One specific example that is in fact often cited here and elsewhere is when you receive a financial windfall. Coming into $10M overnight is much different than coming into it over the course of decades. In the face of uncertainty and high emotions, it is rational to park your money in the bank until you figure out what to do with it.

The argument extends beyond emotions of the moment, though. Many people who receive windfalls are athletes, artists (actors, musicians, etc.), lottery winners, and people with lots of family drama. These people often lose their money as much to being taken advantage of as they do their own reckless spending. In the face of social vulnerability and their own ignorance, these people are often advised to not "invest" in anything until they're in a good spot.


One argument against investing in the sense of "putting money knowingly and deliberately at risk" is that the psychological effects can be immense and are extremely hard to quantify. This means that in any sort of risk analysis these psychological effects represent a dangerous, potentially fatal unknown variable.

Any human investor is not fully rational and there is no precise way of calculating the risk emanating from this.

Example 1:

  • Who actually measures the rise of the Cortisol level in their blood (both short and long term) caused by investing 100k in the stock market instead of leaving it in an alternative "safe haven"?

  • Even if one carried out such a measurement to quantify the "stress level" caused by the investment, which cost (in dollars) would one assign to a long term rise of say 1% of the Cortisol level?

Example 2:

  • Who actually measures the time they spend checking the returns on their investment (for example, by logging into some website, opening an app, checking real estate price indices, etc.), reading news that could potentially influence the value of their investments (which might even happen unconsciously!
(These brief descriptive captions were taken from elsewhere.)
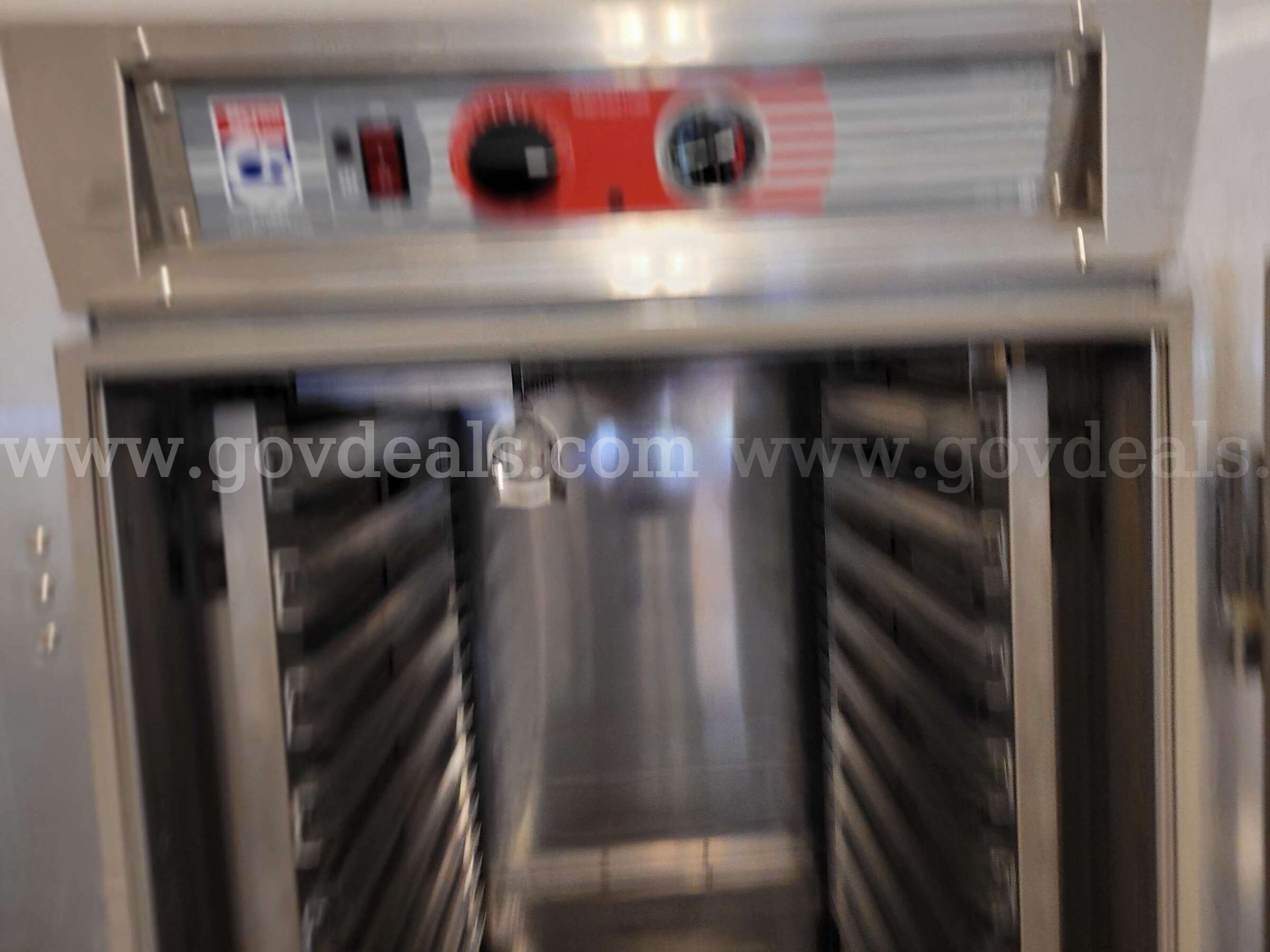 Metro C5 Heated Holding Cabinet – Model C569-NDS-LPDS Metro C569 Government Surplus Auction - Photo #3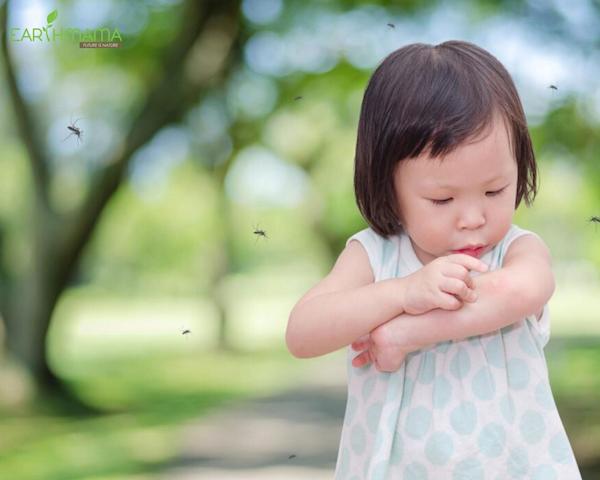 Bí quyết nhanh chóng và dễ dàng làm dịu vết côn trùng cắn ở trẻ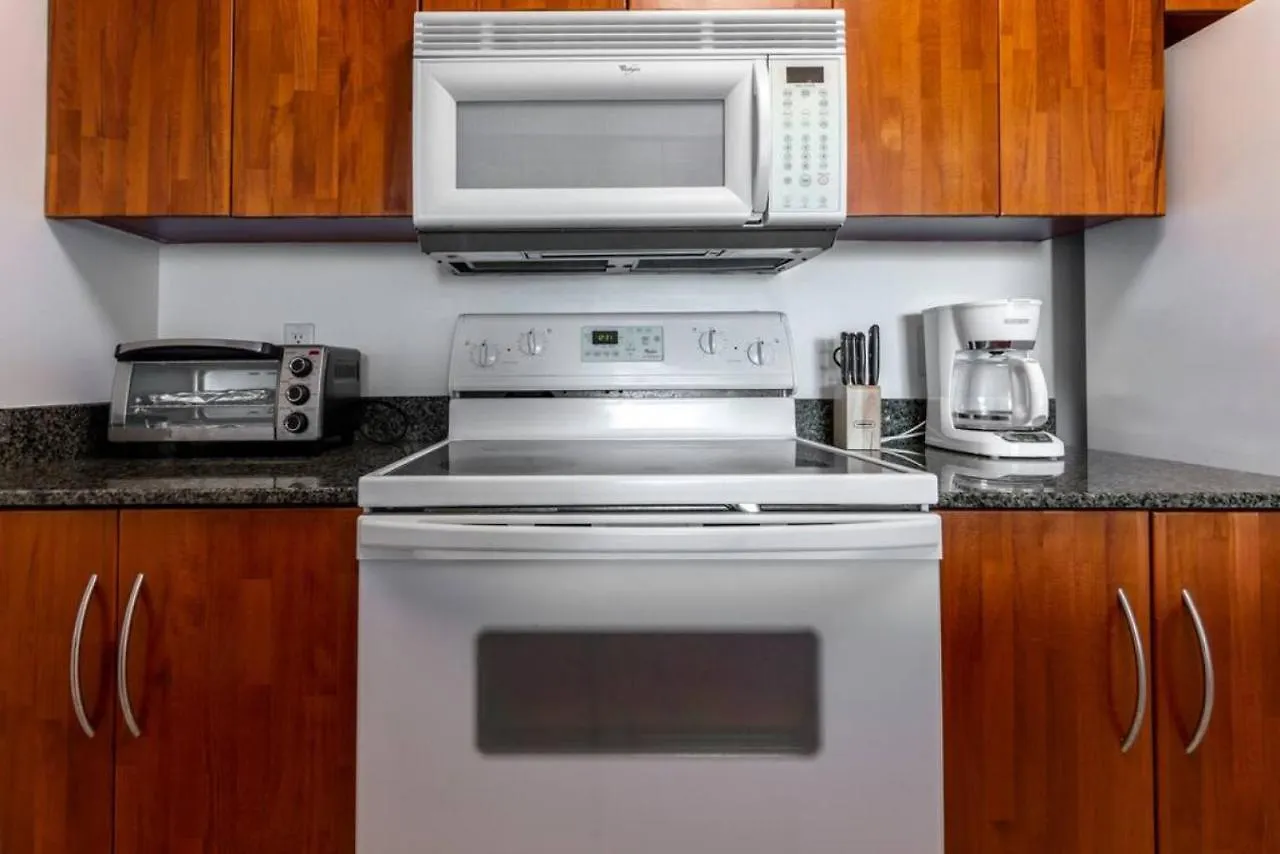 Super Cool 1br In Brickell With Parking *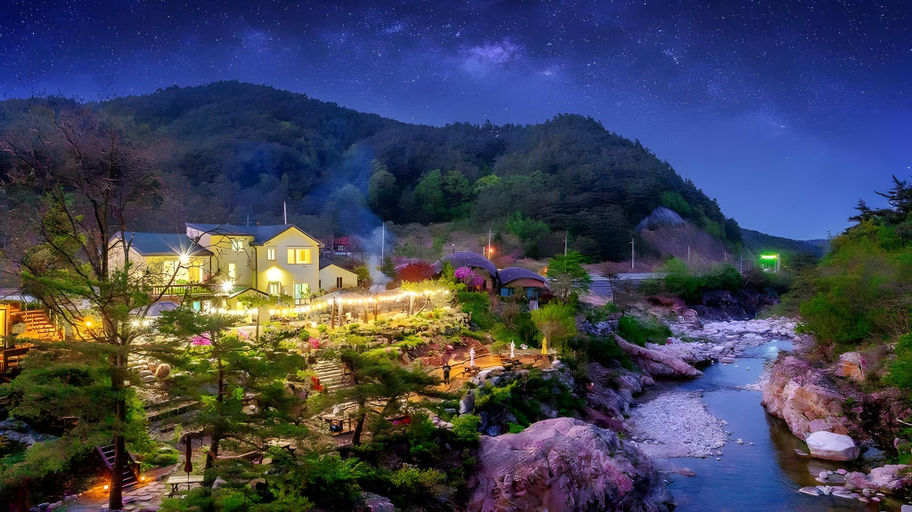 Exterior & Views 1, Gangneung Happy Valley Pension, Gangneung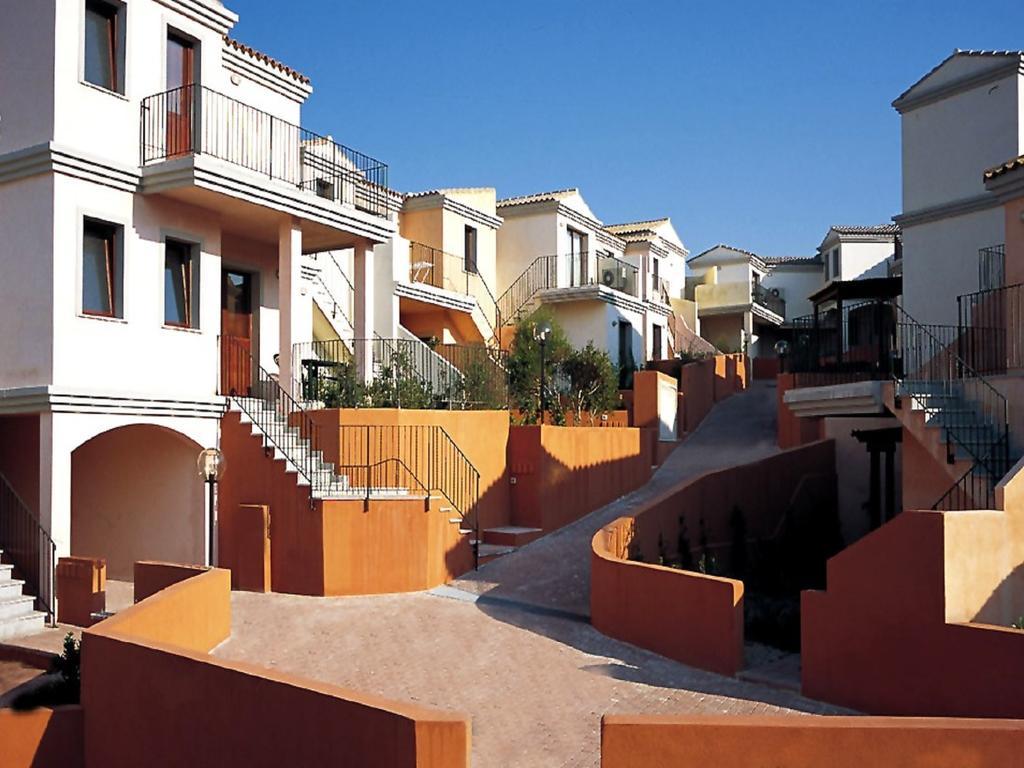 Borgo Saraceno Hotel-Residence Санта-Тереза-Галлура Экстерьер фото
Suddenly the economy part of the newspaper becomes interesting...), or in forums like this ?

  • Even if one did this, which cost (in dollars) would one assign to it?

Example 3:

  • Knowing that "your invested money is working for you", you might (unconsciously) feel less pressure or motivation to work hard yourself. After all, given that your investment gained 20k last year, why should you spend time in that boring continuing professional development seminar next week? These effects can lead to a lower income in the future.

  • How could one assign a precise cost to this?

In principle, one would have to take all these costs into account when investing. Note that for these issues it is irrelevant whether the "safe haven" is actually safe or not. All that counts for the psychological effects is the subjectively, or even unconsciously, perceived risk.